# Work request
Without the pictures, set down everything in the listing exactly.

# Dataset extract
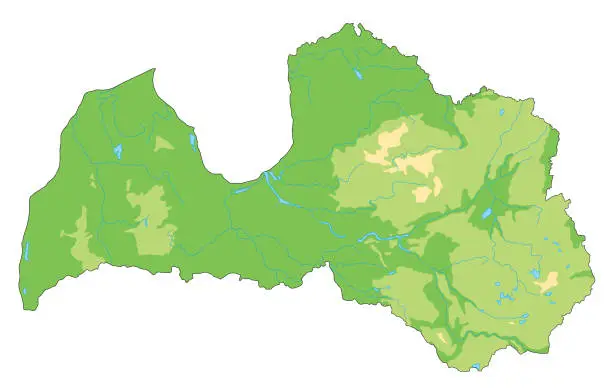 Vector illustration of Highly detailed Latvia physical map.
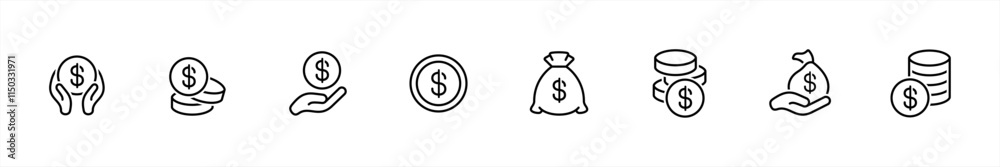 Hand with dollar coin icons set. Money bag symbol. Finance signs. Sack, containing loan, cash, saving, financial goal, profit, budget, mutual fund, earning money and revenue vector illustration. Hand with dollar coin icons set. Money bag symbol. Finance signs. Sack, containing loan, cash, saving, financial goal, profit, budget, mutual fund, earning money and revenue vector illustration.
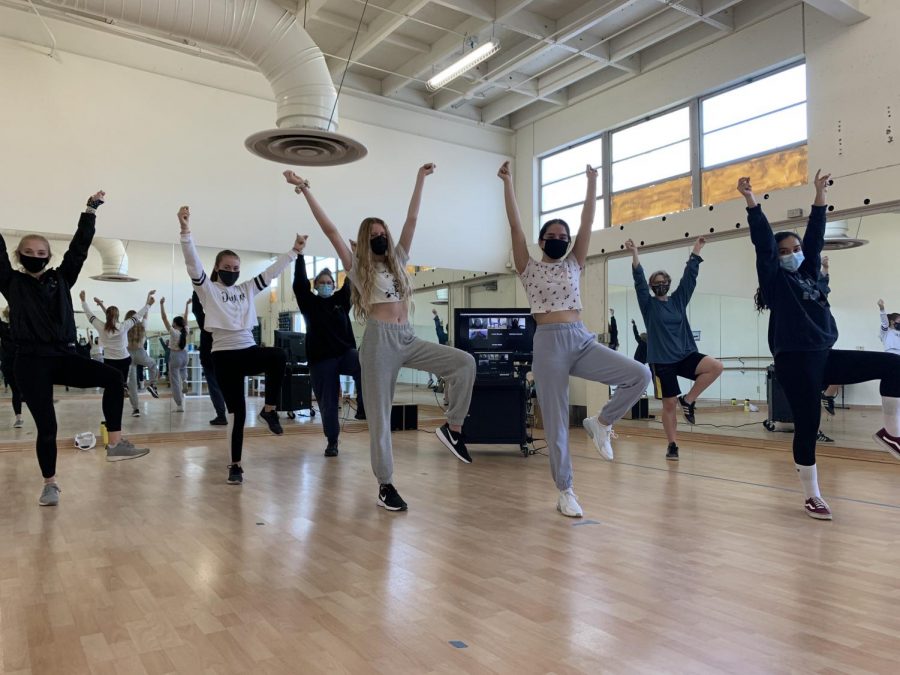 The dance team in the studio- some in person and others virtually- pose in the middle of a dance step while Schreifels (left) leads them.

# Solution to this task
 Vector illustration of Highly detailed Latvia physical map.
 Hand with dollar coin icons set. Money bag symbol. Finance signs. Sack, containing loan, cash, saving, financial goal, profit, budget, mutual fund, earning money and revenue vector illustration. Hand with dollar coin icons set. Money bag symbol. Finance signs. Sack, containing loan, cash, saving, financial goal, profit, budget, mutual fund, earning money and revenue vector illustration.
 The dance team in the studio- some in person and others virtually- pose in the middle of a dance step while Schreifels (left) leads them.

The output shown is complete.